Caption-style text data
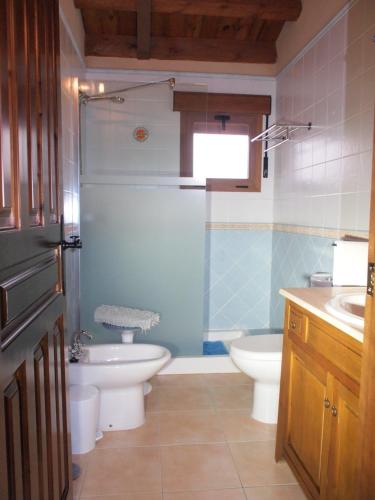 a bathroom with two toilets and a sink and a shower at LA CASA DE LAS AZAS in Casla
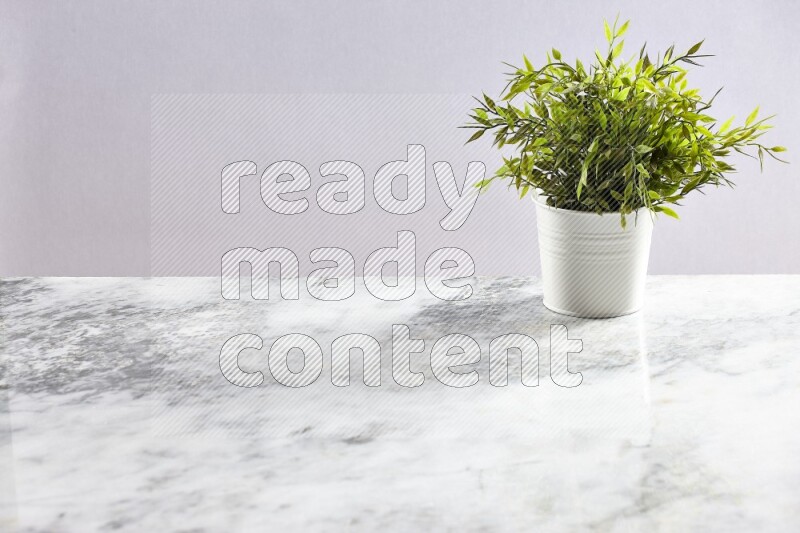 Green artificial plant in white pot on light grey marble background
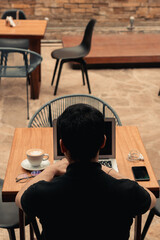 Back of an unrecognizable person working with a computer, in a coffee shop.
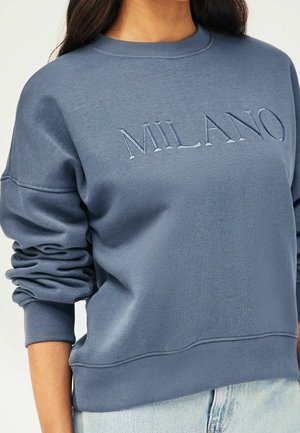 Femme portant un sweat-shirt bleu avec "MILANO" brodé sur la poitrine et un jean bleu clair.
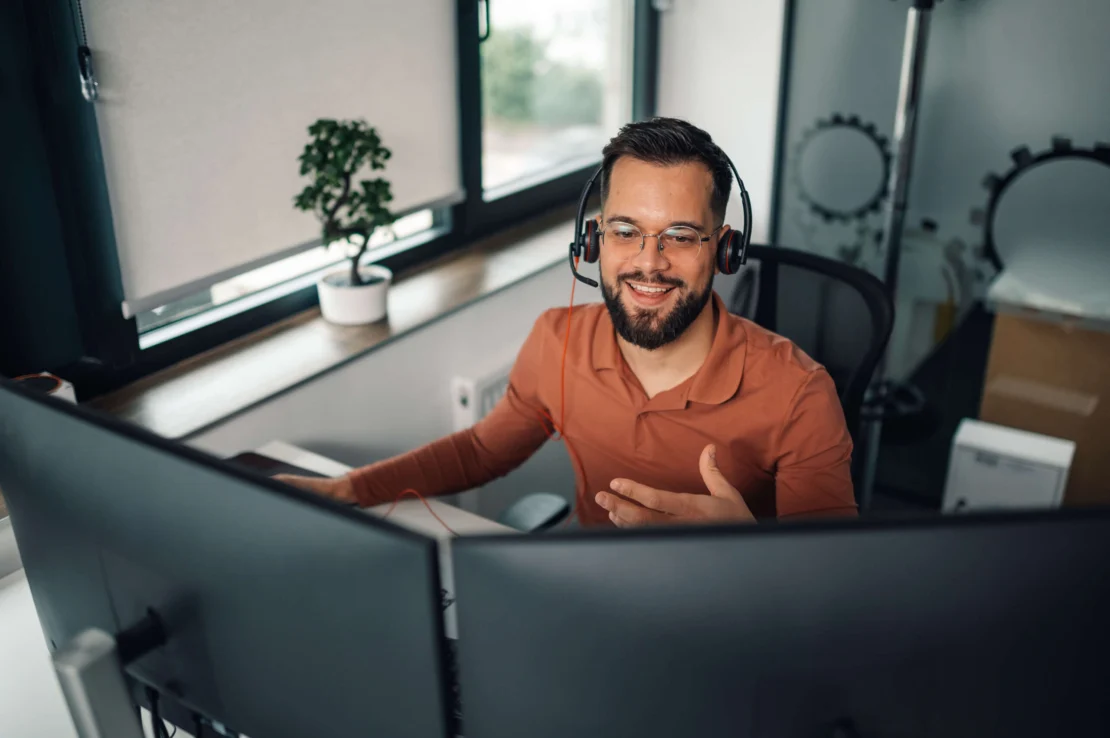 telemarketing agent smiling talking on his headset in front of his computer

» Directions
The line with "Back of an unrecognizable" and each line after it, through the final line of the data, are to be duplicated exactly, with pictures left out and nothing more included.

» Response box
 Back of an unrecognizable person working with a computer, in a coffee shop.
 Femme portant un sweat-shirt bleu avec "MILANO" brodé sur la poitrine et un jean bleu clair.
 telemarketing agent smiling talking on his headset in front of his computer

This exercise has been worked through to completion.